DATASET SECTION.
##############################

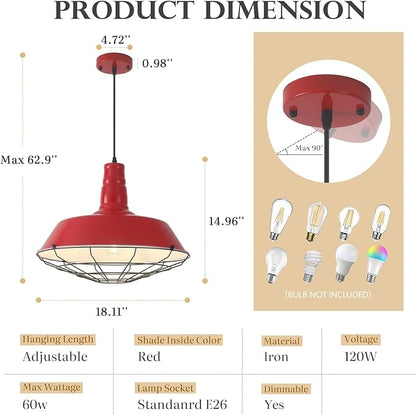 Red Pendant Lights Kitchen Island, 18.1 Inch Large Farmhouse Pendant Light, Oversized Industrial Pendant Light with Wire Cage, Barn Pendant Lights for Kitchen Dining Room (1 Pack)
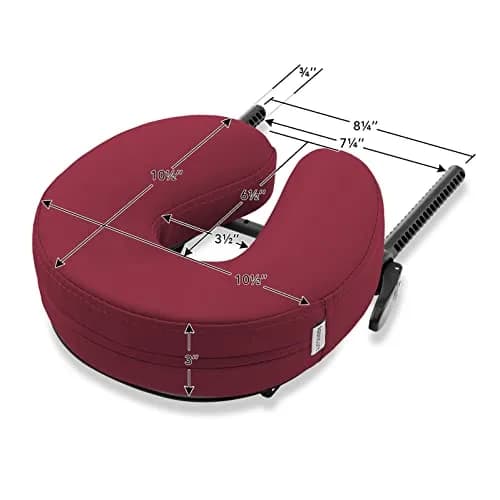 Saloniture Adjustable Massage Table Face Cradle and Pillow 3" Foam - Burgundy | Universal Fit for Portable Massage Tables thumbnail 6
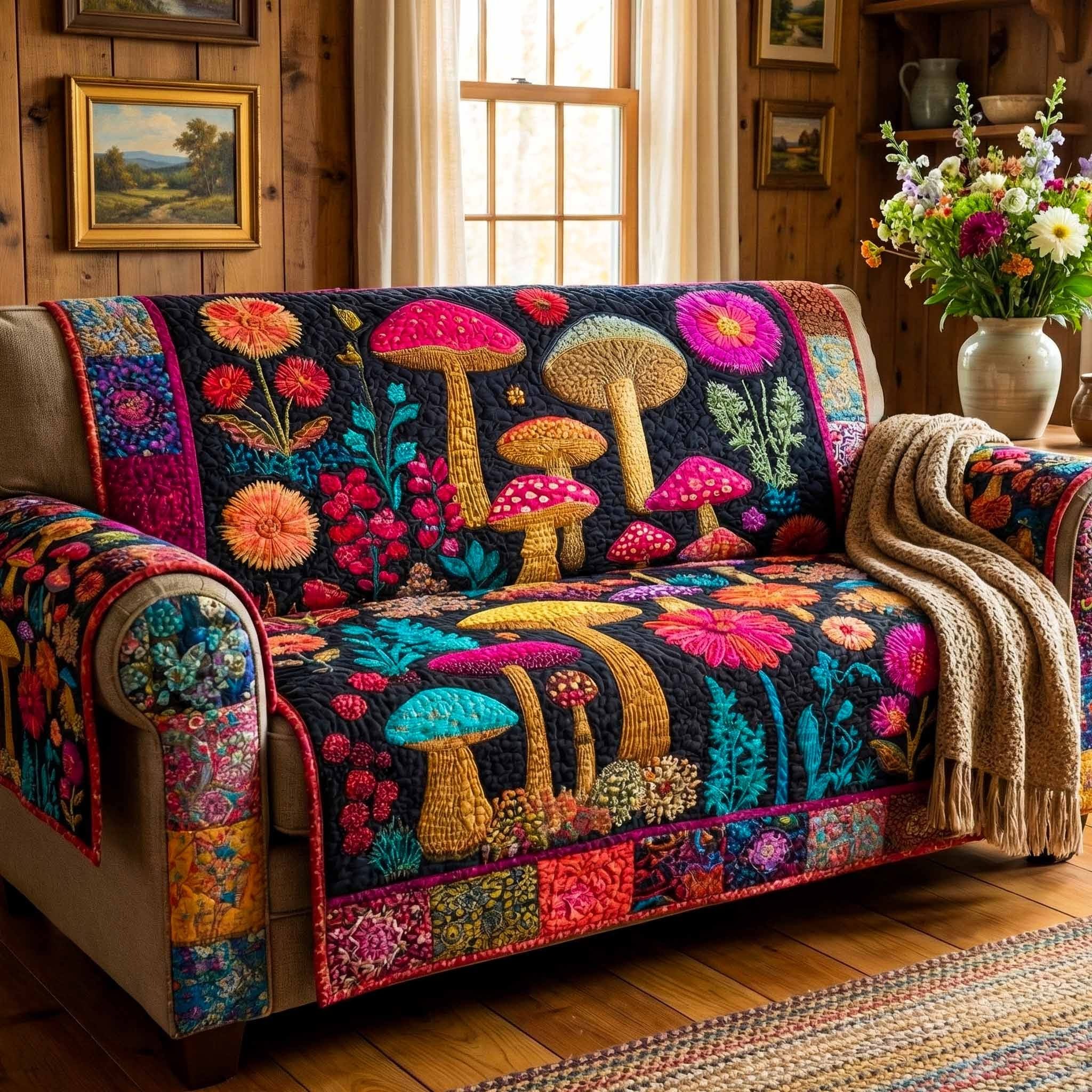 Mushroom Mycelium Quilted Sofa Cover Vibrant Floral Couch Cover Home Decor Gifts For Mom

##############################

EXERCISE DIRECTIONS. From the material above, print everything exactly except the pictures.

FINISHED TASK.
 Red Pendant Lights Kitchen Island, 18.1 Inch Large Farmhouse Pendant Light, Oversized Industrial Pendant Light with Wire Cage, Barn Pendant Lights for Kitchen Dining Room (1 Pack)
 Saloniture Adjustable Massage Table Face Cradle and Pillow 3" Foam - Burgundy | Universal Fit for Portable Massage Tables thumbnail 6
 Mushroom Mycelium Quilted Sofa Cover Vibrant Floral Couch Cover Home Decor Gifts For Mom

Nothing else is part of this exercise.